1. Transport and Export Logistics: One of the biggest questions is how to ship hydrogen from the Middle East to consumers overseas in a cost-effective manner. Hydrogen has a low energy density per volume, especially as a gas, making direct transport difficult. There are several approaches under consideration:

Ammonia as a Carrier: The leading solution for long-distance export is to convert hydrogen to ammonia (NH₃) by combining it with nitrogen. Ammonia, a common chemical, can be liquefied and shipped using relatively standard chemical tankers. All three focus countries are planning to export ammonia (green or blue) rather than gaseous hydrogen. For example, Oman's projects explicitly plan ammonia production on-site​, Saudi Arabia's NEOM output will be entirely in ammonia form​, and the UAE's ADNOC is building blue ammonia facilities​. Shipping ammonia is more efficient than liquid hydrogen—ammonia liquefies at -33°C, whereas hydrogen needs -253°C, a much harder cryogenic requirement​. The challenge with ammonia is that many end-users (e.g. power plants, fuel cell vehicles) need pure hydrogen, so the ammonia must be “cracked” back to hydrogen at the destination or used directly in specialized applications (like ammonia power turbines or as fertilizer). Cracking technology adds cost and energy loss, but importing countries like Japan and Germany are investing in this area. Middle Eastern exporters will need to coordinate with buyers on building import terminals, ammonia crackers or ammonia-capable infrastructure. This is underway—Japan has co-funded ammonia-cofiring trials in power plants, and Germany is exploring using ammonia in former coal plants​.

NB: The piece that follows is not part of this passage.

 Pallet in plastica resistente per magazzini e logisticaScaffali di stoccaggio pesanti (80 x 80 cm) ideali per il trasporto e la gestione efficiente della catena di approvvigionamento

Liquified or Compressed Hydrogen: Directly shipping liquefied hydrogen is another route (as pioneered by a Japanese trial from Australia in 2022). However, the extreme cold needed and boil-off gas issues make this very expensive and energy-intensive. It’s likely not economically viable for the Middle East-to-Europe/Asia routes at scale in the near term. Compressed hydrogen gas in pipelines or tube trailers is feasible for shorter distances or local distribution but not for intercontinental trade due to low volume per shipment.

Liquid Organic Hydrogen Carriers (LOHC) and Methanol: Other chemical carriers are being researched, like binding hydrogen to liquid organic compounds that can be shipped in oil tankers and then released at the destination. Methanol (CH₃OH) is another derivative that can be made from hydrogen and CO₂; it’s easier to handle than H₂ and can be used as fuel or chemical feedstock directly. Some Middle East projects (like Oman's GEO) mention producing methanol and synthetic fuels in addition to ammonia​, which could diversify export offerings. Each carrier has trade-offs in energy conversion losses and infrastructure requirements.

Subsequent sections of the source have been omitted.